Task instructions
This task asks for the lines from the one with "Chimpanzees screaming and" to the final line below, repeated exactly, with pictures omitted.

Recorded data
==========

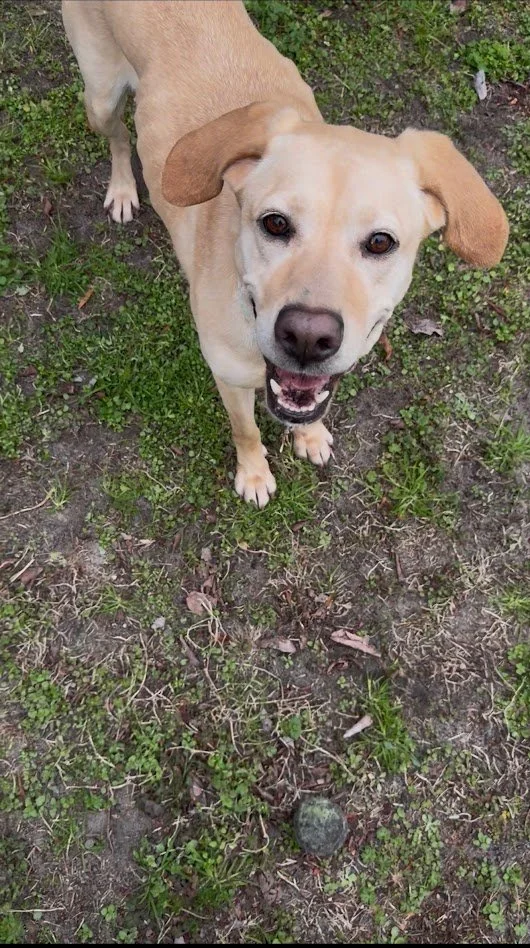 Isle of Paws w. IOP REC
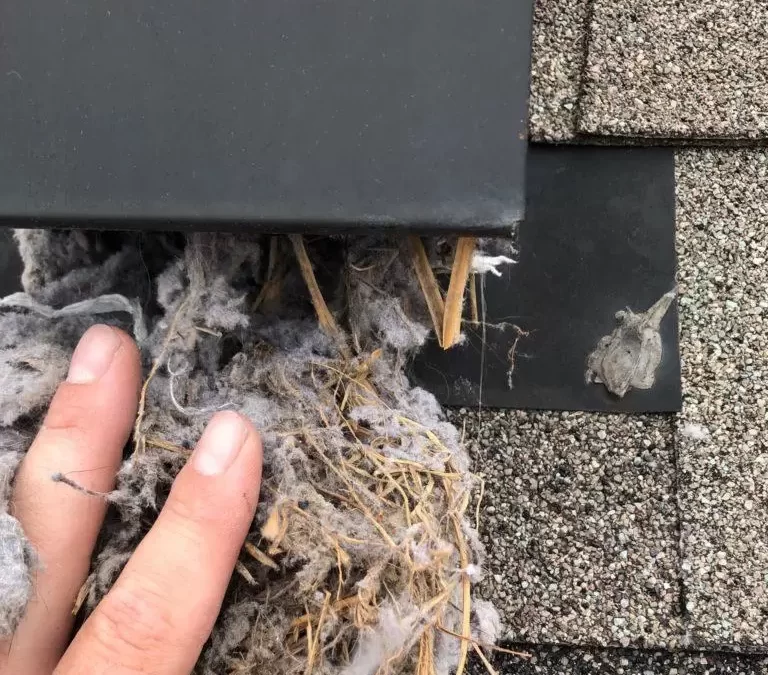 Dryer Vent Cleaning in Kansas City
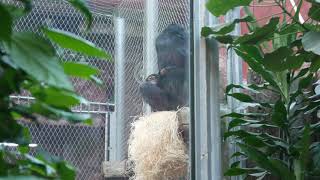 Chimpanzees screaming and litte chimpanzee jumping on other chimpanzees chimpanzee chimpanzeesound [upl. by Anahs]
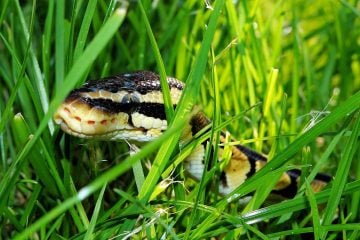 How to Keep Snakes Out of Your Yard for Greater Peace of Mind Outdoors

==========

Result
 Chimpanzees screaming and litte chimpanzee jumping on other chimpanzees chimpanzee chimpanzeesound [upl. by Anahs]
 How to Keep Snakes Out of Your Yard for Greater Peace of Mind Outdoors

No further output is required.